I really miss Moose. Pythonistas generally can't believe I could possibly miss anything from the Perl world, and usually aren't interested in hearing my reasons why.

But honestly - I miss doing 75% of my work in bashing out an declarative specification with Moose, especially with the type system (as slow as that can be at runtime; the work-around is making objects immutable which leads to cleaner code anyway).

Python does have the traits package by enthought, which has some vaguely similar stuff in it but nobody seems to use it. Being out of the ruby loop for a while, what's ruby's answer to Moose?

2 comments

For Python, take a look at: https://github.com/frasertweedale/elk
Nice! I've been pointed to this in the past actually, glad to see it's progressed. Trying it out now.
An alternate perspective: I've used Perl for 10+ years, but switched to Python 5 years ago. Moose was a hack to bring Java patterns to Perl, but I feel Java patterns are not developer friendly these days.
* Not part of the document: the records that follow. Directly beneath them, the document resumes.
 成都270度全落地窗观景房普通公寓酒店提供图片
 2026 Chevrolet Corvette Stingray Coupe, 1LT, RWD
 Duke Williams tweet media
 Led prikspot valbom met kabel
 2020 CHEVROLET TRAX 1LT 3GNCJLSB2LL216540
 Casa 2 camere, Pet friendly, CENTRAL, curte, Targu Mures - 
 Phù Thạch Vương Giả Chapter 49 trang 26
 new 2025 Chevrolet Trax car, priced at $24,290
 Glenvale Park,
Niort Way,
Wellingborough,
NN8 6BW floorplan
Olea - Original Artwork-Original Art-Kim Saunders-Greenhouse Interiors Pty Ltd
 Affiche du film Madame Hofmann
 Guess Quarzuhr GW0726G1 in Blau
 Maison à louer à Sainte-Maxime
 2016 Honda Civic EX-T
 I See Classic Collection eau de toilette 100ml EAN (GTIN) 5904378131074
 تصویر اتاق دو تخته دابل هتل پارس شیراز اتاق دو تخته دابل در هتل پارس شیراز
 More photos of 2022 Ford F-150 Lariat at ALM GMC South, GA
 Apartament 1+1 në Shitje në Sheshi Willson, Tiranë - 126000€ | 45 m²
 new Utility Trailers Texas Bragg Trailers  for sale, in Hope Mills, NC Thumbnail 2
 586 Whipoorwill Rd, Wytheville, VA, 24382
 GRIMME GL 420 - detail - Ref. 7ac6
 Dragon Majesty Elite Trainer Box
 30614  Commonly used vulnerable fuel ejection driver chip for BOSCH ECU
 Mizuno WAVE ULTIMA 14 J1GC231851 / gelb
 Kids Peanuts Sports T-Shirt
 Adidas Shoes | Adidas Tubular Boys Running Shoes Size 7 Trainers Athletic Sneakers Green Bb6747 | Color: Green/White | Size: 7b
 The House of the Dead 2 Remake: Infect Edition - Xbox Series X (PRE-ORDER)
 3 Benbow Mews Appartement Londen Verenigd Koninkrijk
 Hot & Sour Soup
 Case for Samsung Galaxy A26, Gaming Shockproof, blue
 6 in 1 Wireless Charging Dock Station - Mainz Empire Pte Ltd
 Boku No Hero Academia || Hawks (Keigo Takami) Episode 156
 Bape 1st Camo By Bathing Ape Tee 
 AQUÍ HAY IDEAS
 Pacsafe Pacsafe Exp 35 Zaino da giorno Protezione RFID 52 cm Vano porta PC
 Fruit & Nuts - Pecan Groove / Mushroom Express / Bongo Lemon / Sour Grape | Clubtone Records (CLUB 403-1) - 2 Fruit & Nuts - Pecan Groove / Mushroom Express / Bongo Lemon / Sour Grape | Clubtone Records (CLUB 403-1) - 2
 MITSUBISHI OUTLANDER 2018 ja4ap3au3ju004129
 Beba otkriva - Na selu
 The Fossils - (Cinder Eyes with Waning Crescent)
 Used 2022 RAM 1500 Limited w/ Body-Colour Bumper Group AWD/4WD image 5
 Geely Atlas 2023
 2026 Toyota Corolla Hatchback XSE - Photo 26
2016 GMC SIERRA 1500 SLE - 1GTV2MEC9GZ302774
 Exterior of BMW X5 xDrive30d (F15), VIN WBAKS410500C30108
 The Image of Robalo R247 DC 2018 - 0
Python patterns are still solid today, so I gladly choose doing things the Pythonic way over the Perl way. Not to mention the meta reasons to use a language (community, libraries, ecosystem).

> Moose was a hack to bring Java patterns to Perl

Say what now? Moose draws from most heavily from CLOS and Smalltalk, as filtered through Perl 6. I don't know of any Java influence in Moose at all.

There was a little. Mostly stevan and Yuval going "oh god not that".
I've gone C/C++/Java -> Ruby -> Perl -> Perl+Moose -> Python.

Moose is the opposite of Java: it has a type system which actually does work for you and brings you amazing helpful stuff for free, whereas Java makes you go through rituals and pain to use a type-system that mostly only ever gets in your way.

I'm fine with the idea that you like perl but the way you present your statement, it's almost as if you consider not understanding how to use the java type system as a compelling argument.
That's an interesting observation (that being fine with the idea of someone using modern perl is a thing), but perhaps there's a grain of truth to my level of Java ignorance - the last Java project of my own was written in the 1.4/1.5 days and left me feeling that getting reusable code out of huge towers of inheritance and interfaces seemed like more work than it should be.